Task to carry out: Across the entries that follow, how many lines have the word "with" in them? Give only the number.
______________________________
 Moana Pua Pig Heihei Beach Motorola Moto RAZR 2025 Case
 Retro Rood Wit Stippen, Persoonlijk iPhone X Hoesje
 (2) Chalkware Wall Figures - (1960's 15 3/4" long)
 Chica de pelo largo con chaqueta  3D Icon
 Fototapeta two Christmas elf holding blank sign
______________________________
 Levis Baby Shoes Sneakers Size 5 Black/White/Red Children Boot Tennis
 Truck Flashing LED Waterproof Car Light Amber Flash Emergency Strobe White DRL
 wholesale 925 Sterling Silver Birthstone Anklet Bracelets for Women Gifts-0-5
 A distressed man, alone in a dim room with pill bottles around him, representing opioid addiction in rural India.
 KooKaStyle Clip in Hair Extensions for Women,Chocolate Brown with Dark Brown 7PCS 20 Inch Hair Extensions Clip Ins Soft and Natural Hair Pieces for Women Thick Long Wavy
______________________________
Task answer: 2